Особенно заботился о воспитании девочки Кавамото. Он показал ей, как надо умываться и причесываться, учил ее, как следует по-разному обращаться к людям в зависимости от их возраста и положения. Но любимыми уроками девочки были «уроки географии», которые давал ей Итиро, подробно рассказывая о своей юности в Южной Америке, о людях, живущих там, о тропических кушаньях и фруктах, которые он ел в детстве.

Кавамото почти каждый день приходил в «Замок подсолнечника», и дети всегда бежали ему навстречу, радостно приветствуя его. Тем более он поразился, когда они однажды вечером едва поздоровались с ним. Ребята стояли около лачуги расстроенные, с кислыми лицами.

Минданао отвел «брата с Анд» в сторонку и шепнул ему:

— Куцухэй привел девушку. Она сестра его приятеля. И, пока она здесь, нам нельзя войти в дом.

Куцукэн так рассердился на старшего брата, что не пожелал говорить даже с Итиро и только не переставая ворчал себе под нос:

— С тех пор как она появилась, у нас все стало совсем иначе. Совсем иначе. Только Тибико, видимо, находила в новой ситуации некоторую радость.

— Скоро Куцухэй будет женихом, — пропищала она. Рассвирепевший Куцукэн чуть не влепил ей пощечину, но девочка вовремя удрала.

Через несколько дней «господин Растрепа» вместе со своей подружкой исчез из Хиросимы. Он даже не оставил записки брату и друзьям.

Чтобы утешить Куцукэна, Кавамото в тот день не пошел на работу. Покинутые ребята в виде исключения также не пошли промышлять на вокзальную площадь.

— Куцукэн, отныне ты должен быть за старшего вместо Куцухэя! — уговаривал мальчика Итиро. — Отныне ты «глава семейства». Не унывай! Когда твой брат взял на себя заботу о вас, жить было гораздо труднее, чем теперь.

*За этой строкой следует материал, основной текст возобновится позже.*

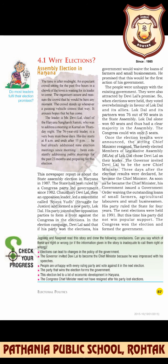As the people were unhappy with the existing government, they were attracted by Devilal's promise. When elections were held, they voted in favor of Lok Dal and its allies. Lok Dal and its partners won 76 out of 90 seats in the Haryana Vidhan Sabha, declaring a clear majority. Congress could win only five seats. Once results were announced, the sitting Chief Minister resigned, and the newly elected MLAs chose Devilal as their leader. The Governor invited Devilal to be the new Chief Minister.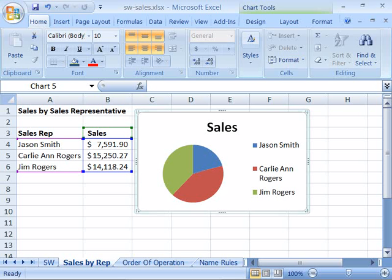Once you have a chart created, you can then apply many types of formatting to the chart to get the design, layout, and style that you want.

Но Куцукэн продолжал ворчать. Друзья, как могли, старались его развлечь. Они пели песни, строили гримасы и подражали походке Чарли Чаплина. Но даже это не могло развеселить мальчика. Тогда Тибико, глубоко вздохнув, приняла великое решение. Она полезла в угол, где лежал ее набитый листьями матрац, и вытащила из-под него свое ревниво оберегаемое сокровище: до сих пор к нему еще никто не смел притронуться, на него даже не разрешалось смотреть. Это была пачка аккуратно сложенных, тщательно разглаженных серебряных бумажек. Уже много месяцев, как Тибико жадно собирала валявшиеся на земле обертки от сигарет и шоколада. Нередко она часами вертелась около американских или австралийских солдат, надеясь, что они уронят блестящую бумажку. Когда какой-нибудь солдат дарил ей сладости, она зорко следила за тем, чтобы на них была серебряная бумага.

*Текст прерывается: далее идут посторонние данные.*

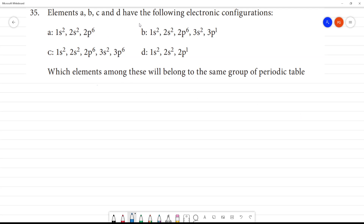Elements A, B and C, A, B, C and D have the following electronic configuration. We can say A is 1s², 2s², 2p⁶.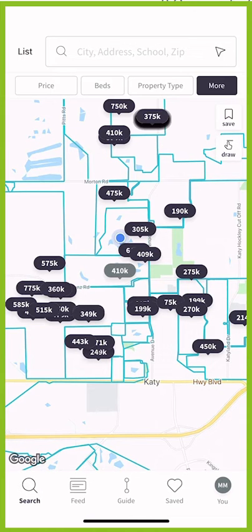There are times when we may be working with an agent who either leaves Keller Williams, maybe they go out of business, or maybe they move out of the area. So as a consumer, we may need to pair ourselves with a new agent.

Не говоря ни слова, девочка протянула расстроенному Куцукэну свое сокровище. Это не могло не произвести на него впечатления, и он с благодарностью погладил Тибико, но вместе с тем все еще сердито спросил:

— Зачем нам это теперь? «Я вдруг вспомнил свое детство, — рассказывает Кавамото. — Мать не могла купить мне губную гармошку. Тогда я взял папиросную бумагу и начал дуть на нее. Бумага слегка затрепетала, и вскоре я научился извлекать из нее разные незамысловатые мелодии, прижимая губы то к одному месту, то к другому, дуя то сильнее, то слабее. Так я поступил и теперь. Взял серебряную бумажку от сигарет «Пис»[21] и стал выдувать мелодию песенки «Тот холм, где звонит колокол». Ребята смотрели не меня, широко раскрыв глаза.

— Правда, недурно? — спросил я.

— О, уандафуул! Вери, вери гууд, — воскликнула Тибико, подражая американским солдатам. Она тоже взяла одну из бумажек и попробовала дуть на нее. Но у Тибико ничего не получалось, сколько она ни пыхтела. Ноппо и Минданао также пытались подражать мне. Но и им не удавалось «выдуть» мелодию. Они слишком крепко прижимали бумажку к губам.

— Попробуйте еще, скоро дело пойдет на лад! А пока что пусть мальчишки посвистят, Тибико споет. А я буду вам аккомпанировать на гармошке из серебряной бумаги.

Наконец-то зазвучала наша песня о «колоколе на холме». Дня через три все, кроме Тибико, добились своего. Особенно удачно «играл» Куцукэн. Казалось, он примирился с уходом брата».